REQUIRED ACTION: Return the line containing "Code Anti-spam" and every line beneath it through the end of the entries below, unchanged. Pictures stay out.

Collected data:
_ _ _ _ _ _ _

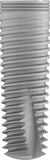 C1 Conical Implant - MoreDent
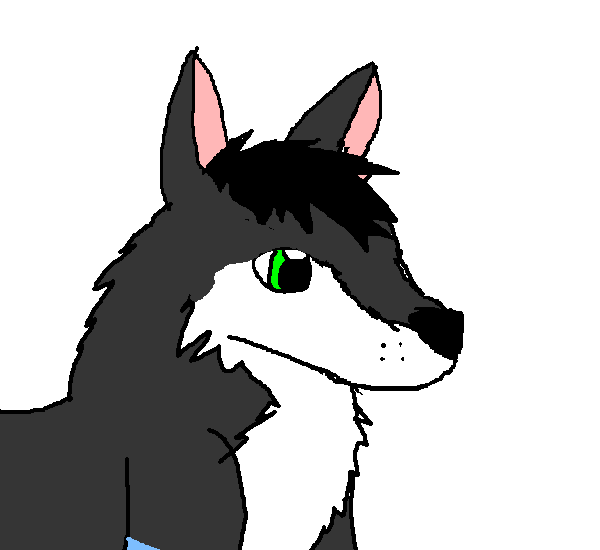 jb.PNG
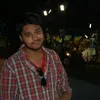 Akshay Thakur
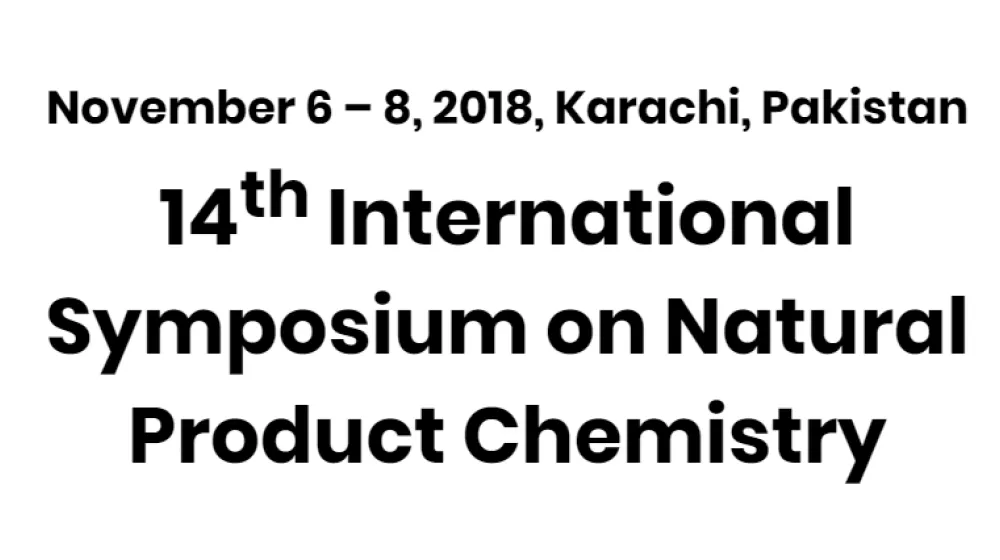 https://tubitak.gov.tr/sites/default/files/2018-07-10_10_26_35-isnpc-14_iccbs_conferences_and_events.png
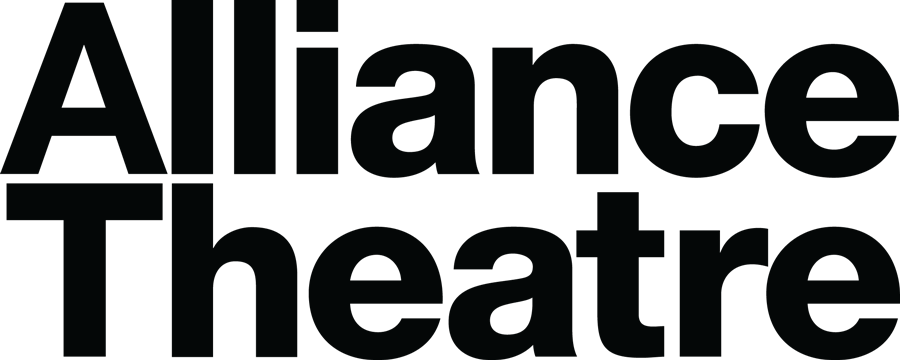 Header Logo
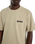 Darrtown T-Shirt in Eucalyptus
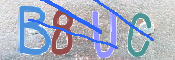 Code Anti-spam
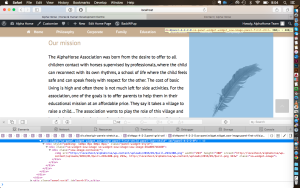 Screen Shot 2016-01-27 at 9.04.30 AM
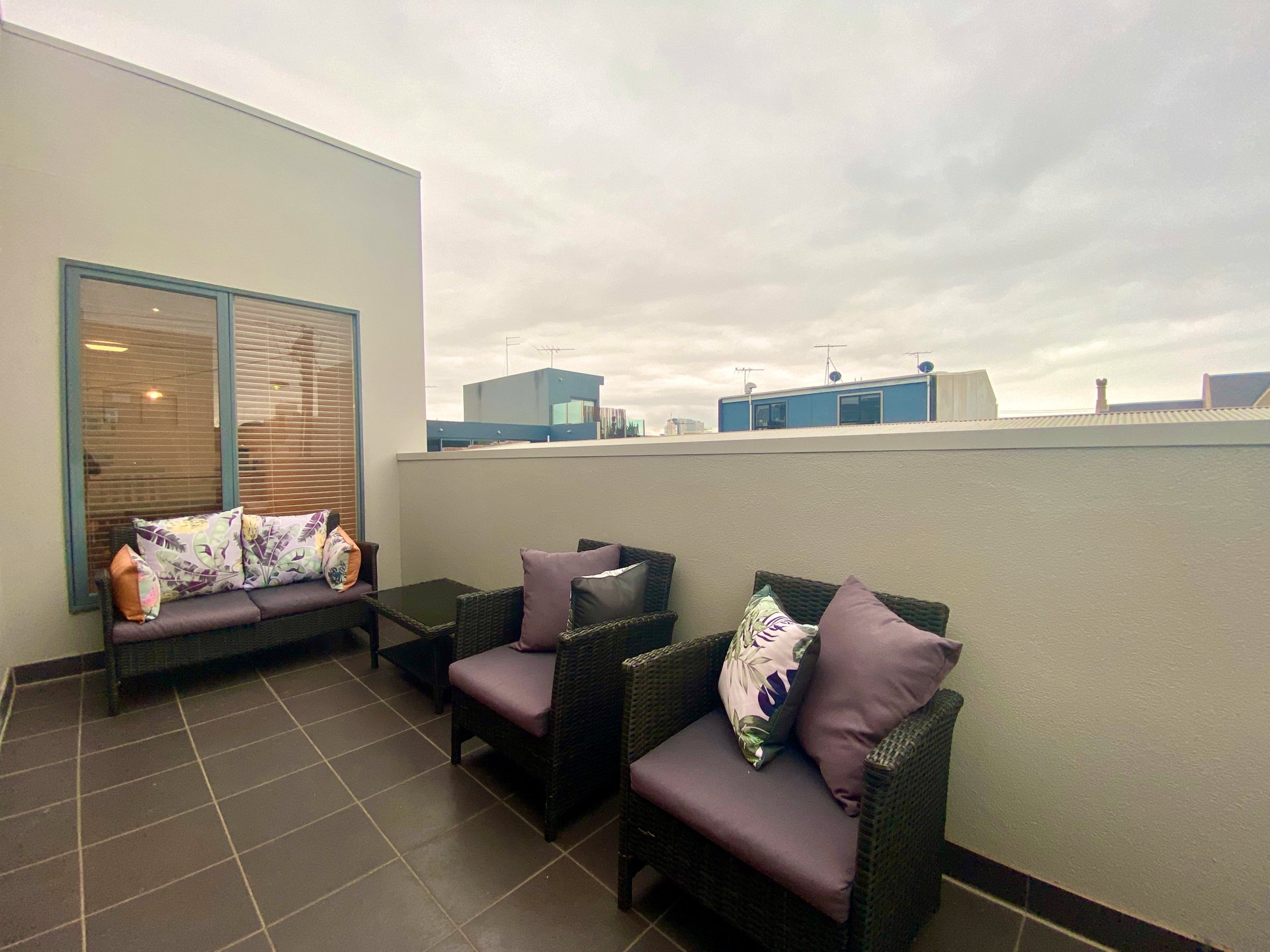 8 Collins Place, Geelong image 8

_ _ _ _ _ _ _

THE COMPLETED TASK:
 Code Anti-spam
 Screen Shot 2016-01-27 at 9.04.30 AM
 8 Collins Place, Geelong image 8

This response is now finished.